(Material shown)
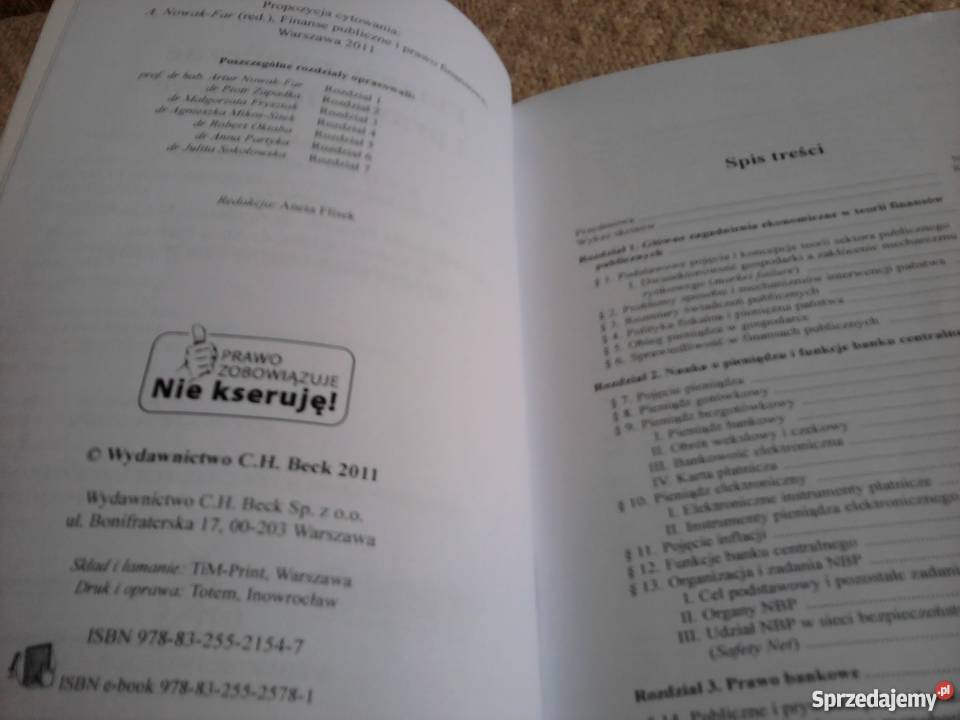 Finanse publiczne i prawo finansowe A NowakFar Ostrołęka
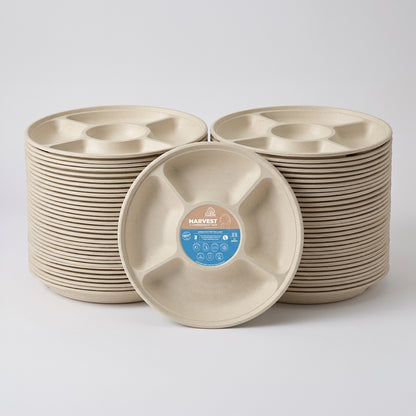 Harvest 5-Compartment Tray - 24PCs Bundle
(End Material shown)
(Material shown)
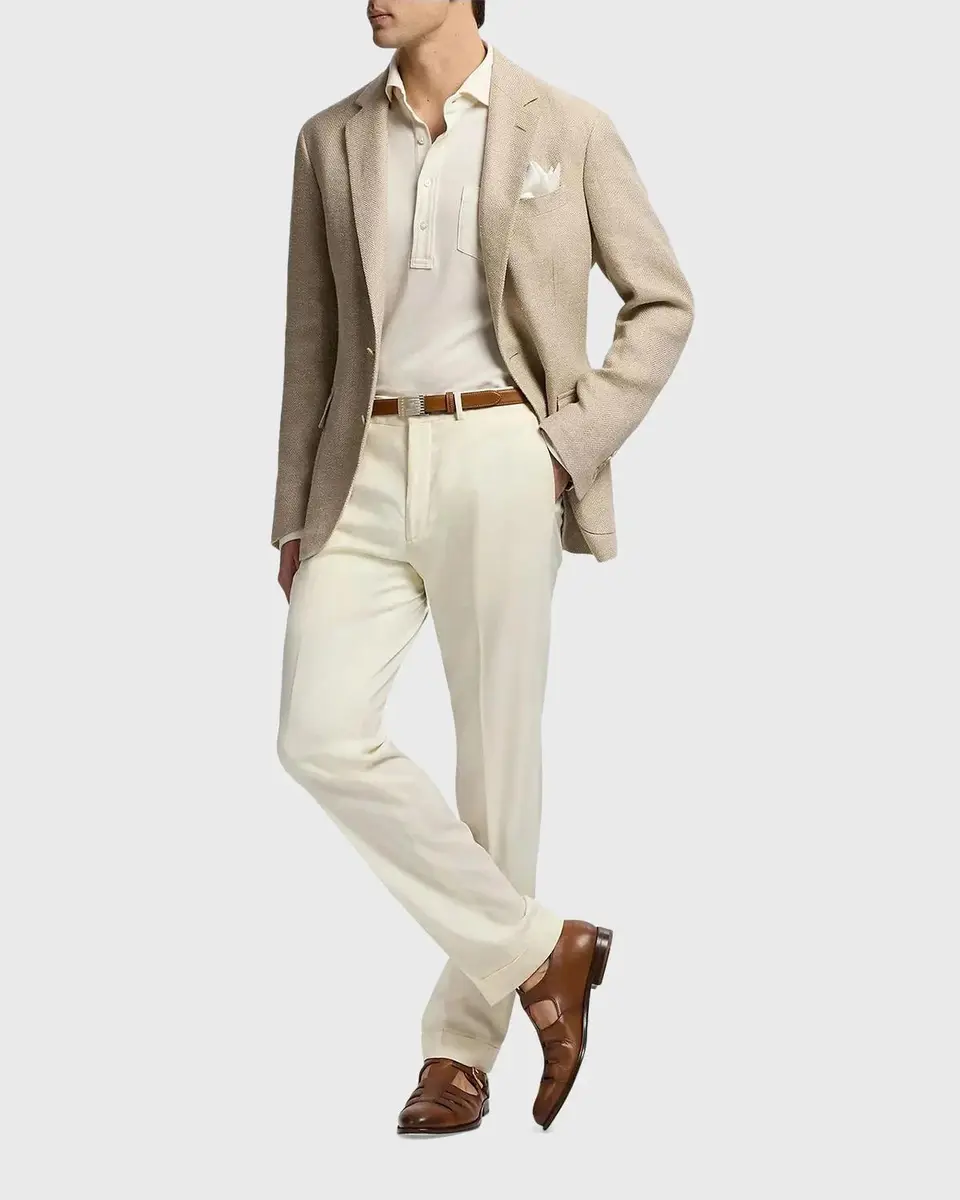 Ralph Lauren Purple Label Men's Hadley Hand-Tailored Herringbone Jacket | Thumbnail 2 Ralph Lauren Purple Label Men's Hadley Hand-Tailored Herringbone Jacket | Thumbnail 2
(End Material shown)
◆ Task instructions: Reproduce the listing above from the line that holds "Finanse publiczne i" through the line that holds "Harvest 5-Compartment Tray - 24PCs Bundle", both included, with the pictures left out.

◆ Your solution:
 Finanse publiczne i prawo finansowe A NowakFar Ostrołęka
 Harvest 5-Compartment Tray - 24PCs Bundle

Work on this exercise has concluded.